Een extra complicatie is, dat verder Europese ambtenaren, de Europese Commissie en het Europese Parlement zich met de begroting
bemoeien, terwijl Europa niet zelf belastingen heft. Als het Europees parlement gebruik maakt van zijn budgetrecht om de uitgaven te
verhogen, dan moeten de nationale ministers van financiën meer belastingen binnenbrengen. Dat is inderdaad om nijdig van te worden.
Hoe kan het beter? Een andere houding van de betrokkenen bij Europees geld is ongetwijfeld nodig, maar helaas moeilijk af te kondigen.
Wellicht dat enkele praktische veranderingen helpen. Zo zou de omvang van de Europese begroting beperkt kunnen worden.

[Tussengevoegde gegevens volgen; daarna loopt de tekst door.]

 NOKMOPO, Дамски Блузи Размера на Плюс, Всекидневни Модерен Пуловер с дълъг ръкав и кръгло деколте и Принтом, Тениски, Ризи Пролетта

Structuurfondsen komen nu niet alleen ten goede aan de armste landen, maar ook aan gebieden in rijke landen die arm zijn, of lijken denk aan Flevoland. De klacht over de netto bijdrage wordt geloofwaardiger als Nederland zou afzien van een bijdrage uit de
structuurfondsen. Ook de landbouw kan met minder toe. De oorspronkelijke doelstelling, het veiligstellen van de voedselvoorziening, is
achterhaald. In de praktijk hebben de landbouwsubsidies de functie gekregen van een herverdeling van stad naar platteland 6. Daar valt
vaak best wat voor te zeggen, maar dat kunnen nationale regeringen ook doen. Vervolgens zou er eens gedacht kunnen worden over een
‘Europese’ belasting. Wat te denken van een EU-heffing op brandstoffen, zoals kerosine of benzine? Hiervoor kan het parlement dan de
volle politieke verantwoordelijkheid nemen, bestaande uit controle over de uitgaven, èn verantwoording tegenover de kiezer over de
hoogte van de belastingen. Dat komt de democratie in elk geval ten goede en, wie weet, het uitgavenbewustzijn van de parlementariërs
ook.
De Nederlandse netto-positie zal er niet gauw positief van worden. Maar als de Europese kapitalen goed worden besteed, is dat geen
reden zorg.
1 Ministerie van Financiën (www.minfin.nl).
2 Waarbij de vraag is welk deel van deze heffingen uiteindelijk in Nederland wordt opgebracht (het ‘Rotterdam-effect’). Zie A.W.
Veenstra en H.A. van Klink, Het Rotterdam-effect, ESB, 17 juli 1998, blz. 564-567.
3 J. de Haan en M. Bos, De toekomst van het structuurbeleid , ESB, 5 juni 1998, blz. 457-459.
4 Laurens Jan Brinkhorst, in de Volkskrant, 18 november 1998.
5 Europa verwijt Zalm ‘paniekvoetbal’, de Volkskrant, 24 november 1998.
6 Zie ook Nyfer, Europees geld, lokaal gewogen, Kwartaalbericht, 1998-2.